What follows is an opinion from a United States Court of Appeals.
Intervenors who participated as parties at the courts of appeals should be counted as either appellants or respondents when it can be determined whose position they supported. For example, if there were two plaintiffs who lost in district court, appealed, and were joined by four intervenors who also asked the court of appeals to reverse the district court, the number of appellants should be coded as six.
In some cases there is some confusion over who should be listed as the appellant and who as the respondent. This confusion is primarily the result of the presence of multiple docket numbers consolidated into a single appeal that is disposed of by a single opinion. Most frequently, this occurs when there are cross appeals and/or when one litigant sued (or was sued by) multiple litigants that were originally filed in district court as separate actions. The coding rule followed in such cases should be to go strictly by the designation provided in the title of the case. The first person listed in the title as the appellant should be coded as the appellant even if they subsequently appeared in a second docket number as the respondent and regardless of who was characterized as the appellant in the opinion.

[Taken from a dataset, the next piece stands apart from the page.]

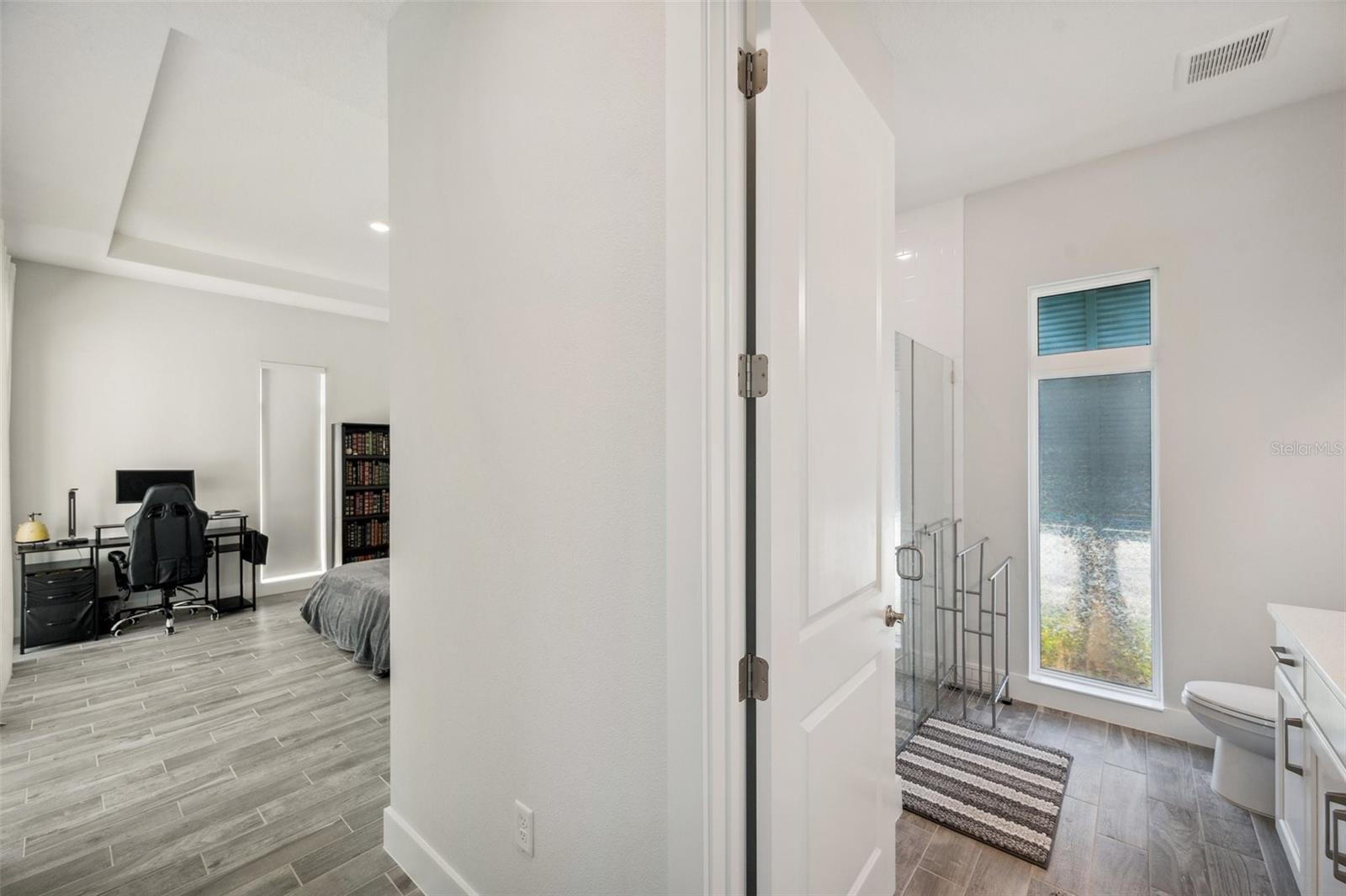 5917 CAT CLAW LANE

To clarify the coding conventions, consider the following hypothetical case in which the US Justice Department sues a labor union to strike down a racially discriminatory seniority system and the corporation (siding with the position of its union) simultaneously sues the government to get an injunction to block enforcement of the relevant civil rights law. From a district court decision that consolidated the two suits and declared the seniority system illegal but refused to impose financial penalties on the union, the corporation appeals and the government and union file cross appeals from the decision in the suit brought by the government. Assume the case was listed in the Federal Reporter as follows:
United States of America,
Plaintiff, Appellant
v
International Brotherhood of Widget Workers,AFL-CIO
Defendant, Appellee.
International Brotherhood of Widget Workers,AFL-CIO
Defendants, Cross-appellants
v
United States of America.
Widgets, Inc. & Susan Kuersten Sheehan, President & Chairman
of the Board
Plaintiff, Appellants,
v
United States of America,
Defendant, Appellee.
This case should be coded as follows:Appellant = United States, Respondents = International Brotherhood of Widget Workers Widgets, Inc., Total number of appellants = 1, Number of appellants that fall into the category "the federal government, its agencies, and officials" = 1, Total number of respondents = 3, Number of respondents that fall into the category "private business and its executives" = 2, Number of respondents that fall into the category "groups and associations" = 1.

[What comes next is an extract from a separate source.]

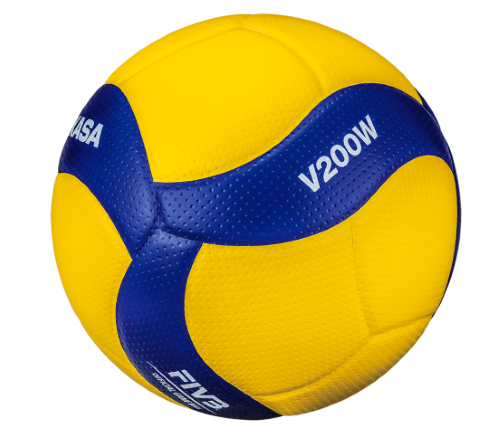 Mikasa V200W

Note that if an individual is listed by name, but their appearance in the case is as a government official, then they should be counted as a government rather than as a private person. For example, in the case "Billy Jones & Alfredo Ruiz v Joe Smith" where Smith is a state prisoner who brought a civil rights suit against two of the wardens in the prison (Jones & Ruiz), the following values should be coded: number of appellants that fall into the category "natural persons" =0 and number that fall into the category "state governments, their agencies, and officials" =2. A similar logic should be applied to businesses and associations. Officers of a company or association whose role in the case is as a representative of their company or association should be coded as being a business or association rather than as a natural person. However, employees of a business or a government who are suing their employer should be coded as natural persons. Likewise, employees who are charged with criminal conduct for action that was contrary to the company policies should be considered natural persons.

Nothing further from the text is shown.